Structural Reasoning About Deep Networks

Working through Chapter 6, Deep Feedforward Networks, sharpened how I reason about neural networks. It did not expand my practical toolkit so much as refine my conceptual boundaries. After completing coursework like the DeepLearning.AI specialization, I was comfortable training multilayer perceptrons and reasoning about gradients. What this chapter clarified is that architecture is not just a tuning dimension—it is a structural assumption about the function class we are willing to search.

Existence Does Not Imply Learnability

I used to carry a simplified version of the Universal Approximation Theorem: neural networks can approximate any function. Chapter 6 makes explicit that this is an existence result about representational capacity, not a statement about efficiency or trainability.

Three distinctions became sharper for me. First, representational capacity: what functions are expressible in principle. Second, parameter efficiency: how many units are required to represent them. Third, learnability: whether optimization can reliably discover those parameters from data. The theorem addresses only the first.

This distinction matters when comparing shallow and deep networks. A single hidden layer network can approximate complex structured functions, but the width required may scale exponentially for certain compositional forms. Depth can reduce parameter count by reusing intermediate computations. In that sense, depth changes scaling behavior, not just capacity.

The most useful refinement was separating topology from optimization. The architecture defines the hypothesis class; gradient descent explores it imperfectly. The fact that a function is representable says nothing about whether it is practically learnable. That separation now anchors how I evaluate model design choices.

Linear Layers, Factorization, and Parameter Efficiency

One result I had not internalized before is what happens when we stack linear layers without nonlinearities between them. Two consecutive linear transformations collapse into a single linear transformation. Functionally, nothing changes.

But parameterization changes.

If a weight matrix $W \in \mathbb{R}^{m \times n}$ is factored as $W = AB$ with $A \in \mathbb{R}^{m \times r}$ and $B \in \mathbb{R}^{r \times n}$, we have expressed the same linear map with a rank constraint and potentially far fewer parameters when $r \ll \min(m, n)$. In other words, depth without nonlinearity induces a low-rank factorization.

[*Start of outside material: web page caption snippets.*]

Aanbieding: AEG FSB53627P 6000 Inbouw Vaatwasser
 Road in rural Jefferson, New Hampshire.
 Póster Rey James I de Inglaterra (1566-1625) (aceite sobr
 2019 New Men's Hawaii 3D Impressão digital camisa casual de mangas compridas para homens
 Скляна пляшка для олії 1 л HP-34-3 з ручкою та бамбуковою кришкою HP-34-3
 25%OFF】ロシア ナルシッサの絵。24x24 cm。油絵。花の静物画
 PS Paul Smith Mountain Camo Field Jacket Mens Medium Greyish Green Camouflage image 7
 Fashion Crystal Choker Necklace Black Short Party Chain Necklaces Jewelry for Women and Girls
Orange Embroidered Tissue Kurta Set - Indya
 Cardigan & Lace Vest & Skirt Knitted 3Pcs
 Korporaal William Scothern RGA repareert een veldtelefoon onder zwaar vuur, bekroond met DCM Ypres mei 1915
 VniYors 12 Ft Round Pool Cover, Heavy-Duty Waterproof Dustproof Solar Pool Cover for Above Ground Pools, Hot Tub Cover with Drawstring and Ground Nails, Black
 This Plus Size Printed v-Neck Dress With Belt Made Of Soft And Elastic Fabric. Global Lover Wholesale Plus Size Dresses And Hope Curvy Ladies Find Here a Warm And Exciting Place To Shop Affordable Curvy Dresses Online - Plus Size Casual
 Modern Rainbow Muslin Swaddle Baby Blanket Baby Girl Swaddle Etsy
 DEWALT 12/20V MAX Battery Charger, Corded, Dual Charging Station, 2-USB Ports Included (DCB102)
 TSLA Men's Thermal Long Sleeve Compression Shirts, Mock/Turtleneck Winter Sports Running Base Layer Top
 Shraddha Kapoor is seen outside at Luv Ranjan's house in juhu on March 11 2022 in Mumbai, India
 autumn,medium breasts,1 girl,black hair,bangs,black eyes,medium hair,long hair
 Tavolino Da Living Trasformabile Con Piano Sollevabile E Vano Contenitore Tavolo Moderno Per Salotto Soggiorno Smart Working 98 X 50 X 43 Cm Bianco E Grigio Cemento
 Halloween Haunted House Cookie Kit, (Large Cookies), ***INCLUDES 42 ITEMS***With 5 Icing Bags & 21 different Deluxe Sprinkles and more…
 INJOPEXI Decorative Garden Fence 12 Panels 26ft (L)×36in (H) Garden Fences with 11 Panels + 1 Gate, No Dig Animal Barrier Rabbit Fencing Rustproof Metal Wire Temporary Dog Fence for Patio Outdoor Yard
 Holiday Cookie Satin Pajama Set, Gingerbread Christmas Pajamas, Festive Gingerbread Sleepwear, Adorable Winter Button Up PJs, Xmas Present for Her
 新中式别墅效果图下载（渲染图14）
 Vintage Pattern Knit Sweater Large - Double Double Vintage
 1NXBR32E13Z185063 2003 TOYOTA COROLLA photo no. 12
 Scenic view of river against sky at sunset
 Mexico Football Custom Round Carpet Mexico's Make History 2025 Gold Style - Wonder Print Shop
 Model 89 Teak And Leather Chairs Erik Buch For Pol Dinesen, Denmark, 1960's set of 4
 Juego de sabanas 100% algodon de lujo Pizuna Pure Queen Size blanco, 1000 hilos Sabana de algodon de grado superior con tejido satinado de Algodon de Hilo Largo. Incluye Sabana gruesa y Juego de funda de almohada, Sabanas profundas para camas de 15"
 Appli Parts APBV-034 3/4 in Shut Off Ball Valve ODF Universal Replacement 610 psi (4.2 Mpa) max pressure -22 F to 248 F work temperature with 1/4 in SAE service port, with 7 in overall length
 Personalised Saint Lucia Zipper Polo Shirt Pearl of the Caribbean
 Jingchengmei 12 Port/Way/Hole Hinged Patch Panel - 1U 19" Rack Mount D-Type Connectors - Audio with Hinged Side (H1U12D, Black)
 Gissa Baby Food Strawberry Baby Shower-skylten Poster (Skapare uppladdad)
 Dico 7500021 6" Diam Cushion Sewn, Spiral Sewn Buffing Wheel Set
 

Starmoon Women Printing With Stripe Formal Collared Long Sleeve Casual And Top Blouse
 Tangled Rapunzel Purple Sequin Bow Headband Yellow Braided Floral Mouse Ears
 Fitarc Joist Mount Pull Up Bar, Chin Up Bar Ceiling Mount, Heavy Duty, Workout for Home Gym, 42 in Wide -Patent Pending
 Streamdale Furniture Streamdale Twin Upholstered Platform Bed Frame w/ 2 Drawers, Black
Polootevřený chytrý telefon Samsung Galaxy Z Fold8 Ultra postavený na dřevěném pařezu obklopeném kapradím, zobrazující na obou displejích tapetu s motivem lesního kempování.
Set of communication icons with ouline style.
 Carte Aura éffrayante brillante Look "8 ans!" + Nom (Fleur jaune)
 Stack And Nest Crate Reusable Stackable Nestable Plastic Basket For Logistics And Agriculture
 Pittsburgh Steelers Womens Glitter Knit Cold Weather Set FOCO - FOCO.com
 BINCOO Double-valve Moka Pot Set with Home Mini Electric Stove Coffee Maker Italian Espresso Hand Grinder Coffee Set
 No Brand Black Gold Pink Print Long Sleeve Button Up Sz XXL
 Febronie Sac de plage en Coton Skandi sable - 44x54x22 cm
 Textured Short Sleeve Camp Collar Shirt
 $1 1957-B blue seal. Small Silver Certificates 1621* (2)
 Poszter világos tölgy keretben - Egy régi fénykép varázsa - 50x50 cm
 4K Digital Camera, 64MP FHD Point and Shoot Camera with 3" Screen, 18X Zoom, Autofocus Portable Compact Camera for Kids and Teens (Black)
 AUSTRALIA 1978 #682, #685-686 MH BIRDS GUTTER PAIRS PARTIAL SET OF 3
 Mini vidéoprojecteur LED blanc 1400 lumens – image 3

I was familiar with LoRA in large language models, but I had mentally categorized it as a fine-tuning trick rather than a direct consequence of basic feedforward structure. Chapter 6 makes the underlying principle obvious: inserting a bottleneck linear layer is equivalent to imposing a low-rank constraint on the effective weight matrix. Two layers without an activation are simply a factorization.

This reframed low-rank adaptation for me. It is not an exotic modification; it is a structural parameterization choice. The architecture itself encodes a rank prior.

Softplus vs ReLU

The comparison between softplus and ReLU corrected an intuition I had inherited from smooth optimization: smoother functions should be easier to train. Softplus is differentiable everywhere with nonzero gradient, while ReLU is nondifferentiable at zero and flat for negative inputs. By a classical smoothness criterion, softplus seems preferable.

Empirically, ReLU often performs better. Chapter 6 provides a structural explanation. ReLU induces sparsity through hard gating, effectively selecting a subnetwork conditioned on the input. The resulting function is piecewise linear—globally nonlinear, but locally linear within each region. Optimization proceeds largely within these regions, with boundary crossings relatively rare in high dimensions.

Smoothness alone does not determine learnability. Geometry, sparsity, and gating behavior shape gradient flow and effective model complexity. That realization made me more cautious about mapping classical smooth optimization intuitions directly onto deep networks.

A Shift in Emphasis

Finishing Chapter 6 did not make me more confident in tuning models; it made me more precise in how I reason about them. I think less in terms of "can this network approximate the function?" and more in terms of parameter efficiency, structural priors, and the separation between representation and optimization. Neural networks feel less like universal approximators in the abstract and more like structured hypothesis classes with specific geometric and algebraic constraints.